### Exercise brief
Reproduce the listing in full, pictures excluded.

### Provided data
:::

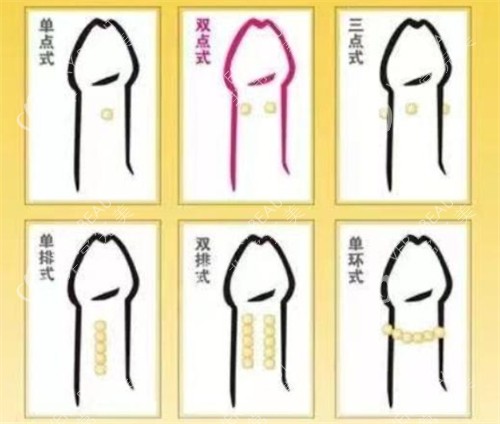 阴茎入珠术款式 阴茎入珠术款式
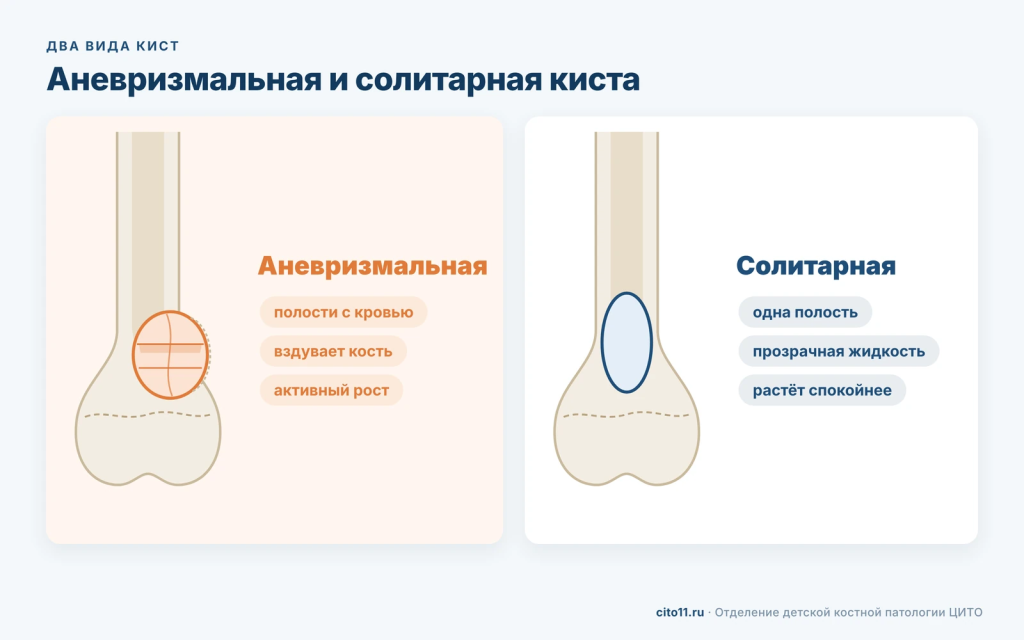 Аневризмальная и солитарная киста кости: полости с кровью, вздутие кости и активный рост против одной полости с прозрачной жидкостью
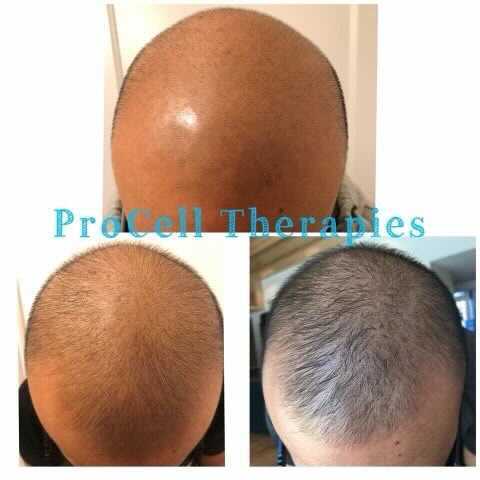 Before and after views of a head with hair growth, a treatment result.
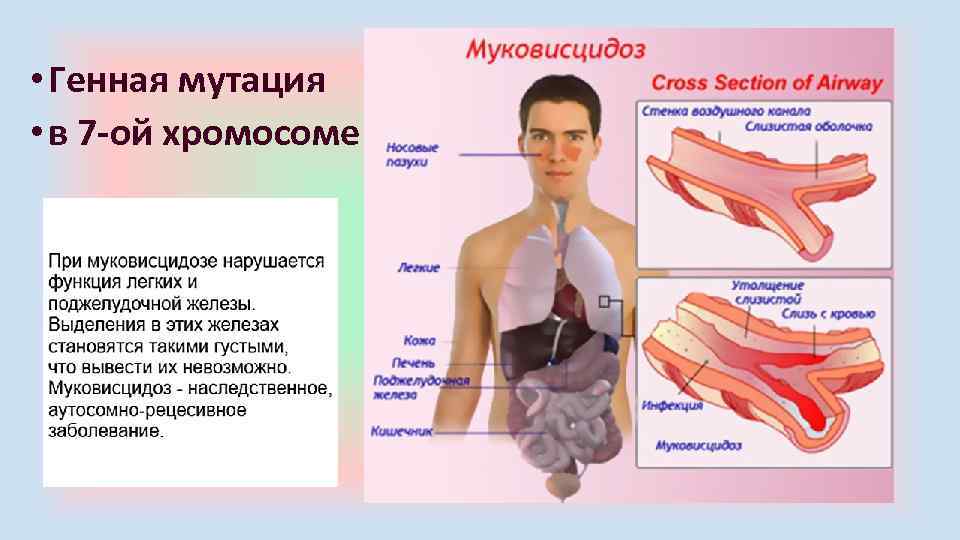  • Генная мутация • в 7 -ой хромосоме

:::

### The answer
 阴茎入珠术款式 阴茎入珠术款式
 Аневризмальная и солитарная киста кости: полости с кровью, вздутие кости и активный рост против одной полости с прозрачной жидкостью
 Before and after views of a head with hair growth, a treatment result.
  • Генная мутация • в 7 -ой хромосоме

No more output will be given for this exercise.